- **EXERCISE DESCRIPTION**
Nothing outside the range below should be printed. Output exactly the lines from the line with "2016 Toyota Tacoma" to the line with "8 Cooloola Court, Little Mountain QLD 4551", both included.

(Records excerpted from a collection)

○ ○ ○ ○

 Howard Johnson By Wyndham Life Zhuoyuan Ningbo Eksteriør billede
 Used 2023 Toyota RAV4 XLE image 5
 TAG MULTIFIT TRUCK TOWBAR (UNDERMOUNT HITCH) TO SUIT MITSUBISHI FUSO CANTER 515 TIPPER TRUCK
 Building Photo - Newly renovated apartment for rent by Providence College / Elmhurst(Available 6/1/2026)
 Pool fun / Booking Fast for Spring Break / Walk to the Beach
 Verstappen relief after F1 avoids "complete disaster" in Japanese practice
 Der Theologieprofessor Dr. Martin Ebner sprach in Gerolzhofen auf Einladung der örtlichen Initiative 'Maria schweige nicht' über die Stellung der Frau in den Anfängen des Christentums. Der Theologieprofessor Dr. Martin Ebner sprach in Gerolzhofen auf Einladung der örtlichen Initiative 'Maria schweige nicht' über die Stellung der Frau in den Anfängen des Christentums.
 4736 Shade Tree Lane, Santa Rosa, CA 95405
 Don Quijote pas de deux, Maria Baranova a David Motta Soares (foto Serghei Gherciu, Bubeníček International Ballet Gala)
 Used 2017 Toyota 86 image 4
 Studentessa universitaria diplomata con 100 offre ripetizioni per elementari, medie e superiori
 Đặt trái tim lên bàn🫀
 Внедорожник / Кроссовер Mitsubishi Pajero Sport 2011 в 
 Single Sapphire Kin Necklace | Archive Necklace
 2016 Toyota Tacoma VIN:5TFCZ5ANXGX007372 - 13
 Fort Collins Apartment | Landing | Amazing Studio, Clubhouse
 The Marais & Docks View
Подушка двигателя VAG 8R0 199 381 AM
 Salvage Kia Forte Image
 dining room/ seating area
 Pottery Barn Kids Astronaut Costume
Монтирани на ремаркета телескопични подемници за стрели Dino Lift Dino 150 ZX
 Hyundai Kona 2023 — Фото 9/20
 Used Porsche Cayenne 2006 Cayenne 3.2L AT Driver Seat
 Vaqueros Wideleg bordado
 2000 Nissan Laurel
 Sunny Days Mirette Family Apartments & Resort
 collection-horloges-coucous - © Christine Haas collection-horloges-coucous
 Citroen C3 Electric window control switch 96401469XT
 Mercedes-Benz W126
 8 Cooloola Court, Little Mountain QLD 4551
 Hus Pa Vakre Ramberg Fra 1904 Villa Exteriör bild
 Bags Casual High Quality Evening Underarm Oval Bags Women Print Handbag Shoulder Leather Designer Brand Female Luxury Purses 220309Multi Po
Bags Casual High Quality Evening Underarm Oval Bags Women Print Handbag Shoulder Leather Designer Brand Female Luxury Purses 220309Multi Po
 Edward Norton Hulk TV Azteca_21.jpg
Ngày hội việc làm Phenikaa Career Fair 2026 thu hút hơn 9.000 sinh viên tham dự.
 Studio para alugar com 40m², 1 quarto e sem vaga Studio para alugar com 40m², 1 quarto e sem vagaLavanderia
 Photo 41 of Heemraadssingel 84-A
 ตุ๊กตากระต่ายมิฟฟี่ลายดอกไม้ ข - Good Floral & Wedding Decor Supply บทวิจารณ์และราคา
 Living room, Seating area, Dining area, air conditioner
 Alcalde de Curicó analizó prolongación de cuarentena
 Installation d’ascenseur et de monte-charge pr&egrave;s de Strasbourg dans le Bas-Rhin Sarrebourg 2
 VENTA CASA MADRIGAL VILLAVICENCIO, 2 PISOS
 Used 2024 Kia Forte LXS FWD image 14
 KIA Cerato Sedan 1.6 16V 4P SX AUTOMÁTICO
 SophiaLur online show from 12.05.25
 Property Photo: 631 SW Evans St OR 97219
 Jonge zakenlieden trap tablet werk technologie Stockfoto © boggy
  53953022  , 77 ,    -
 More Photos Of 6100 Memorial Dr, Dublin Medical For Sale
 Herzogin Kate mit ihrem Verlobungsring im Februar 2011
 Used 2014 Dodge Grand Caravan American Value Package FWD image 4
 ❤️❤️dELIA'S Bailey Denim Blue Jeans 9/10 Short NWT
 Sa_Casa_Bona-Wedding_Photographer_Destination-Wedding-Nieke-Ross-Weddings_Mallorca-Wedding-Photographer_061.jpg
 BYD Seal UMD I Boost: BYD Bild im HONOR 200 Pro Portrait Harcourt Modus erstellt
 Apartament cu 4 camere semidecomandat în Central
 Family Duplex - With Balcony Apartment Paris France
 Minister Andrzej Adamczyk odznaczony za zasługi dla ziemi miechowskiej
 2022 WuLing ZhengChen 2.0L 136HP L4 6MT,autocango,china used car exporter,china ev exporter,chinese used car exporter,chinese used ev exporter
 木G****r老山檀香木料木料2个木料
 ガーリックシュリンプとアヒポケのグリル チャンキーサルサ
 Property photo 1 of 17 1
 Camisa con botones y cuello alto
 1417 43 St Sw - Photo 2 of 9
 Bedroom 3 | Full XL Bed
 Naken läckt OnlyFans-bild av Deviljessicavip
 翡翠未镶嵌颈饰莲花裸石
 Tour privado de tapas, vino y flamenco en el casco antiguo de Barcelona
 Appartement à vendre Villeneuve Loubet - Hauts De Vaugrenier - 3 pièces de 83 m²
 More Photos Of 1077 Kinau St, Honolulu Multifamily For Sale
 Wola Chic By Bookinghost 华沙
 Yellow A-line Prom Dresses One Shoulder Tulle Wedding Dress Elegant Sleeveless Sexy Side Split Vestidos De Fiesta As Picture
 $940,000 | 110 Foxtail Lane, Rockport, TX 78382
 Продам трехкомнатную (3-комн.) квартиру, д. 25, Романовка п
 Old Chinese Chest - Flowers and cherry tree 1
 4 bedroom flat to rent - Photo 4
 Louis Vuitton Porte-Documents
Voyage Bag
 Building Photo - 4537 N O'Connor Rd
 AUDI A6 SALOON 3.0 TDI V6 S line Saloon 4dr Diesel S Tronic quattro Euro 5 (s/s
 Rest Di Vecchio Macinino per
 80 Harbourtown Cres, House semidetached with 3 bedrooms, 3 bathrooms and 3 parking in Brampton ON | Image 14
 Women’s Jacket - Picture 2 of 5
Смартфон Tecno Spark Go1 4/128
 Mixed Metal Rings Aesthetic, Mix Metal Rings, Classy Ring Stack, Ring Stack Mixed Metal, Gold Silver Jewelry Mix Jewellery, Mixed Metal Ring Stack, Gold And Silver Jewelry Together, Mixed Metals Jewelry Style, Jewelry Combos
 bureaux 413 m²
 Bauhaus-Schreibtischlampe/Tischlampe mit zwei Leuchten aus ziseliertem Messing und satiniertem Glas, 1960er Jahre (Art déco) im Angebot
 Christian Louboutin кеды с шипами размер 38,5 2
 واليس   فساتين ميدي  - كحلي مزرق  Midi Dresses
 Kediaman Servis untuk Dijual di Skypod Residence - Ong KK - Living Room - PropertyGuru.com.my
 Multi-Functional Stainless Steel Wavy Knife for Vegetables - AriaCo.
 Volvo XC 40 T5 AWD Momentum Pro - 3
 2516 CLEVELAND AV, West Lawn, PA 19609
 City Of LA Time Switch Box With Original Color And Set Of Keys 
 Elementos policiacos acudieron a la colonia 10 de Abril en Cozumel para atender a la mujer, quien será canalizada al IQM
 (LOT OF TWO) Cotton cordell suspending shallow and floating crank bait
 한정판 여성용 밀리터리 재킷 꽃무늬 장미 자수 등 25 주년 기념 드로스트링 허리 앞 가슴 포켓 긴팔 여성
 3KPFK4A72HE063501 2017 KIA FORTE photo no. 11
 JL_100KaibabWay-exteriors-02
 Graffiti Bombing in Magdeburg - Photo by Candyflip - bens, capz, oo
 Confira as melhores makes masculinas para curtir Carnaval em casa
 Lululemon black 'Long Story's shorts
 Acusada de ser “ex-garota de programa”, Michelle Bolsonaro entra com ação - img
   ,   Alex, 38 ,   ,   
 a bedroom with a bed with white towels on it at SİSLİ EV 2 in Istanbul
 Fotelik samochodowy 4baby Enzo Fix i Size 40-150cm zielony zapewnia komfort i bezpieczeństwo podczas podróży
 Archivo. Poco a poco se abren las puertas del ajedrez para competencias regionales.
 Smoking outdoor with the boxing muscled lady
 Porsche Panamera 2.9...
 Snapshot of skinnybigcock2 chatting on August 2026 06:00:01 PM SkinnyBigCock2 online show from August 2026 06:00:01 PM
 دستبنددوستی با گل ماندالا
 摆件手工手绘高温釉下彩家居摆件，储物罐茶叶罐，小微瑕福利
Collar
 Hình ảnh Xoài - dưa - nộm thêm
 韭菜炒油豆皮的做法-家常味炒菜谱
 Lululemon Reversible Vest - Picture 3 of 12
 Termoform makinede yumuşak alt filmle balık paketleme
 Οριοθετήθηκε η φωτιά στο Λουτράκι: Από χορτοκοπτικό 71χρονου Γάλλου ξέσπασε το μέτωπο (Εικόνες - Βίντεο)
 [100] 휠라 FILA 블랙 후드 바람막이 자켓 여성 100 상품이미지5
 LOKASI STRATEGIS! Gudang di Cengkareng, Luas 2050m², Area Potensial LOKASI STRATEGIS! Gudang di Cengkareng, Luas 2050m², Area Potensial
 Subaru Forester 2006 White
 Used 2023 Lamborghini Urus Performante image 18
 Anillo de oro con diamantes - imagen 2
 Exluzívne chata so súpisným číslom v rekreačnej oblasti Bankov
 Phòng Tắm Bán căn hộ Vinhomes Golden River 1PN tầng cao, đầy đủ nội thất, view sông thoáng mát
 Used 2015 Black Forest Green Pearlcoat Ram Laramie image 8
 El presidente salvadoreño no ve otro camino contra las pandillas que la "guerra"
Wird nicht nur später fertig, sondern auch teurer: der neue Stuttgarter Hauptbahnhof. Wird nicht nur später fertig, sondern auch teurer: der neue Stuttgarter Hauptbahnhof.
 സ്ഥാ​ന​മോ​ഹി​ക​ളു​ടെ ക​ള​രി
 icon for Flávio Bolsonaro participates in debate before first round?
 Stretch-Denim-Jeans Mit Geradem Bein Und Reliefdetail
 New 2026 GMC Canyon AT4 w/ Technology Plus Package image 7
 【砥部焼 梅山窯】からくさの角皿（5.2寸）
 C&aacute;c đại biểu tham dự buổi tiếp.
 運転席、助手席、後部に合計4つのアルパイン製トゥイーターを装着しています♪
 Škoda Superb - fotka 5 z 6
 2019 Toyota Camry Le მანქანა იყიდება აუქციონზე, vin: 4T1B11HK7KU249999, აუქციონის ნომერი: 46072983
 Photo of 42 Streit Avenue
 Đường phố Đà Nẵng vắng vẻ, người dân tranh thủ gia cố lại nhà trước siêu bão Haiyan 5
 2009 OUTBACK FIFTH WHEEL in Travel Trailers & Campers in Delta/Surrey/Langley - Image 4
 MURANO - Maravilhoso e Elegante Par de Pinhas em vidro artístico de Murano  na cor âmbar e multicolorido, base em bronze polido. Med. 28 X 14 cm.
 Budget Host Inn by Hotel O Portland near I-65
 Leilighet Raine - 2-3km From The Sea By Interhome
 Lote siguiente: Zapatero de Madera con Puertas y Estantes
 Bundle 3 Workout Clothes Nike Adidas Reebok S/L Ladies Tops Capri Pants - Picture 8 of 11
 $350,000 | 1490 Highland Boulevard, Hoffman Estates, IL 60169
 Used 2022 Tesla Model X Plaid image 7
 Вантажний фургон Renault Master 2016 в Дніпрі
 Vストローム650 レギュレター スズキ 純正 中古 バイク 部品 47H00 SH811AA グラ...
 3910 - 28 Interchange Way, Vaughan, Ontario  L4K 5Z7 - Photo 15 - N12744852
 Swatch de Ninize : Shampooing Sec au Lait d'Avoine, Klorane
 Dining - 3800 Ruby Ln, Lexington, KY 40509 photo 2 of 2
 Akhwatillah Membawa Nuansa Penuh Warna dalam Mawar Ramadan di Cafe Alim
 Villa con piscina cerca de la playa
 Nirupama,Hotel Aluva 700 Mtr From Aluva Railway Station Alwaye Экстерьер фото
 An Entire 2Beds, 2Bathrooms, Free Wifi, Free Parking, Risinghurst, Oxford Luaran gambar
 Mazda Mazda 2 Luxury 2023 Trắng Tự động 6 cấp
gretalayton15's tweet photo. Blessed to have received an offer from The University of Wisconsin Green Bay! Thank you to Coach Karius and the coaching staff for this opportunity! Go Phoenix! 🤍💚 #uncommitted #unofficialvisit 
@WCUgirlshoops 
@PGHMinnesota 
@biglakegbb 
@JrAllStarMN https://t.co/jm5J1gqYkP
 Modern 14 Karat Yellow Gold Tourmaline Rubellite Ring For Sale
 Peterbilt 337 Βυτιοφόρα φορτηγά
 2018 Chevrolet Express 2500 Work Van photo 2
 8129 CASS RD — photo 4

○ ○ ○ ○

- **RESPONSE AREA**
 2016 Toyota Tacoma VIN:5TFCZ5ANXGX007372 - 13
 Fort Collins Apartment | Landing | Amazing Studio, Clubhouse
 The Marais & Docks View
Подушка двигателя VAG 8R0 199 381 AM
 Salvage Kia Forte Image
 dining room/ seating area
 Pottery Barn Kids Astronaut Costume
Монтирани на ремаркета телескопични подемници за стрели Dino Lift Dino 150 ZX
 Hyundai Kona 2023 — Фото 9/20
 Used Porsche Cayenne 2006 Cayenne 3.2L AT Driver Seat
 Vaqueros Wideleg bordado
 2000 Nissan Laurel
 Sunny Days Mirette Family Apartments & Resort
 collection-horloges-coucous - © Christine Haas collection-horloges-coucous
 Citroen C3 Electric window control switch 96401469XT
 Mercedes-Benz W126
 8 Cooloola Court, Little Mountain QLD 4551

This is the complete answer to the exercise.